Viacom Slams Nielsen Over Digital Measurement

Viacom CEO Philippe Dauman threw down the gauntlet with ratings-measurement giant Nielsen, vowing to generate more than half of the media conglomerate’s advertising revenue from non-Nielsen-related sources (up from 30%) and calling for techniques that accurately measure the growing digital content universe.

Viacom and Nielsen have had a testy relationship since 2011, when the programmer’s kids’ network Nickelodeon lost its firstever monthly ratings crown to Disney Channel. At the time, Viacom claimed that Nielsen’s measurement of Nickelodeon was inaccurate — Viacom had cited data from set-top box data measurement company Rentrak that showed higher ratings — a notion that Nielsen refuted.

While Viacom networks like MTV and Nickelodeon have experienced ratings softness, the falloff in viewership is industry-wide. Viacom, Discovery Communications and AMC Networks have all experienced double-digit ratings declines in the most recent quarter, according to Sanford Bernstein media analyst Todd Juenger.

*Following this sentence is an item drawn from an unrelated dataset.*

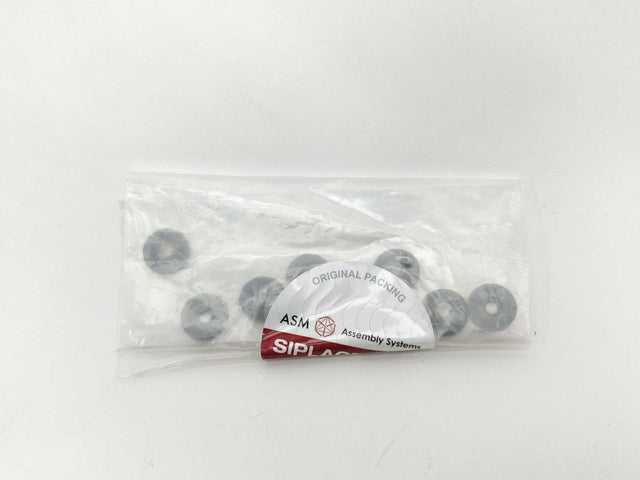 SIEMENS 0020019501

Dauman blamed some of that on Nielsen’s decision to include broadband-only homes in its sample and on increased content consumption on digital platforms that is not being measured. To that end, Viacom called for new industry standards that reflect the growth of multiplatform viewership. Dauman said Viacom hopes to achieve its non-Nielsen depe dent goal through new apps, new mobile products, dynamic ad insertion and increased sponsorship revenue.

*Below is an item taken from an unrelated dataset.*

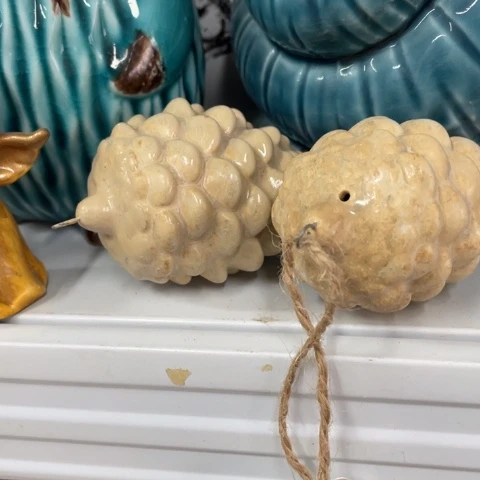 摆件报价摆件摆件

“We are in a transitional moment where the existing measurement services have not caught up to the marketplace,” Dauman said. “They are trying to catch up; I am sure they will eventually catch up. In the meantime, we are not waiting for that.”

In an apparent response, Viacom executive vice president of global product leadership Megan Clarken blogged that the company has proposed two new standards — Total Audience and Total Commercial — to address the problem. Total Audience would combine the total audience for a program or content regardless of the mode of access, including subscription video-on-demand, while Total Commercial would count views for an ad campaign regardless of where and how it’s consumed.